Data Table Native Encoding

Any Data Table may be encoded into and decoded from:

  • A Unicode string
  • A byte array

Encoding to/from strings is often used for manipulating Data Tables programmatically, e.g. via Java SDK or .NET API. String representation of table formats is also often used for compact human-readable format representation.

Encoding to/from byte arrays is used to transfer Data Tables over the network using the AggreGate Communication Protocol or storing them in the AggreGate Server database.

Byte Array Encoding

Encoding of a Data Table into a byte array involves two stages:

  • First, the Data Table is encoded into a Unicode string
  • Second, the resulting string is encoded into an array of bytes using UTF-8 encoding. See UTF-8 documentation (e.g. UTF-8 Wikipedia article ) to find out the details.

String Encoding Concept

Generally, Data Table and its different parts are encoded into string as a number of elements of the following format:

<[element_name=]element_value>

Both the name and value may include any character except for those used by AggreGate Communication Protocol or used to encode the element itself. An element's value may be an encoded list of nested elements.

Table Encoding

Here is the format for an encoded data table:

<F=record_format>[<I=>][<R=record>][<R=record>]…

Element Name

Element Value

F

Table format descriptor, defining names and types of all columns in the data table and other table properties. Its encoding is described here.

This element may be missing if the ID element (D) presents and format with this ID is already known in current connection.

D

ID of the table format. See format caching for more details.

I

Invalidator element. If this element exists in the data table, the whole table is considered as invalid. When AggreGate Server requests a variable value from an Agent, the Agent first acknowledges this request, and then begins polling the records from the hardware device. In the meanwhile, AggreGate Server "knows" that it is receiving a complete and correct table.
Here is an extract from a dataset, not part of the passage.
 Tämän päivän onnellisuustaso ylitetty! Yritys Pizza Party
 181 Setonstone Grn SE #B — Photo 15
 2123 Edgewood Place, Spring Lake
If at this point there is a sudden failure between the Agent and the hardware device, and for some reason the Agent does not receive the data it should get from the hardware device, the Agent now inserts an Invalidator element into the data table sent to the server. This element is actually the Agent telling AggreGate Server "I cannot fully obtain this data". Having received this element, AggreGate Server now knows the operation could not actually be completed.

R

Record of the data table. Records are encoded one by one. Format of encoded records is described below.

T

Timestamp of the data table. It normally indicates when the data table itself or the data sample it represents was created/acquired. Timestamp is encoded into a string as a number of milliseconds since epoch (1 Jan 1970).

Q

Quality of the data table. It explains how reliable is the data sample represented by the data table. Quality is a 32-bit signed integer value encoded into a string.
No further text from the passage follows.